Evidence from lupus-prone mice strains remains incomplete. New Zealand mixed 2328 (NZM) mice have enhanced NEtosis which might lead to the NET deposition in the kidney. The inhibition of NET formation by peptidylarginine deiminase (PAD) inhibitor abolished the NET production and reduced anti-dsDNA antibody level in kidney 118 However, it should be noted that the PAD inhibitor did not ameliorate the kidney inflammation. By contrast, disease activity of MRL/lpr lupus-prone mouse disease is exacerbated by the Nox2 deficiency, which inhibits NET formation.119 The Nox2-deficient mice had defective NET formation but higher titres of anti-nuclear antibodies, proteinuria and more severe glomerulonephritis. More studies using inhibitors within the different NET forming pathways are needed to elucidate the role of NETs in SLE.

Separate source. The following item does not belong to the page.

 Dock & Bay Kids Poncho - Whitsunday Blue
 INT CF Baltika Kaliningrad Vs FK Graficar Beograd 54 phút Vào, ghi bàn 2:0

Concluding and perspectives

The fundamental function of DNA is to store information in a heritable manner. Foreign DNA is recognized by DNA sensors which can elicit an immune response as part of host defence against pathogens. But inappropriate response to self DNA is associated with autoimmune diseases, such as SLE and AGS. The discovery of DNA-sensing pathways and their contribution to autoimmunity has revealed potential new therapeutic targets. Anti-INF-α and anti-IFNR treatments are under clinical trials. For example, sifalimumab showed promising results in SLE.120,121 NET inhibition and manipulation of apoptotic cell removal remains in the pre-clinical study area: inhibitors of NADPH oxidase; mitochondrial ROS production; actin cytoskeleton; and PAD enzymes have been studied in lupus models. For example, PAD deficiency prevents NET formation and ameliorate arthritis in an induced arthritis model.118,122,123. And, since PPARβ and LXR coordinate apoptotic cell engulfment and induce tolerance in APCs, agonists against PPARβ or LXR, at least in theory, might be beneficial in autoimmunity.124,125,126 Clearly, there is a complex regulatory network to prevent an aberrant immune response to host DNA and all the pathways described in our review are important in homeostatic processes and/or response to pathogens and tissue injury. Manipulating these in vivo is a major challenge both in terms of expected efficacy (for example, disease-modifying outcomes in systemic autoimmunity) and in terms of safety (for example, infection risk, impaired homeostatic tissue turnover).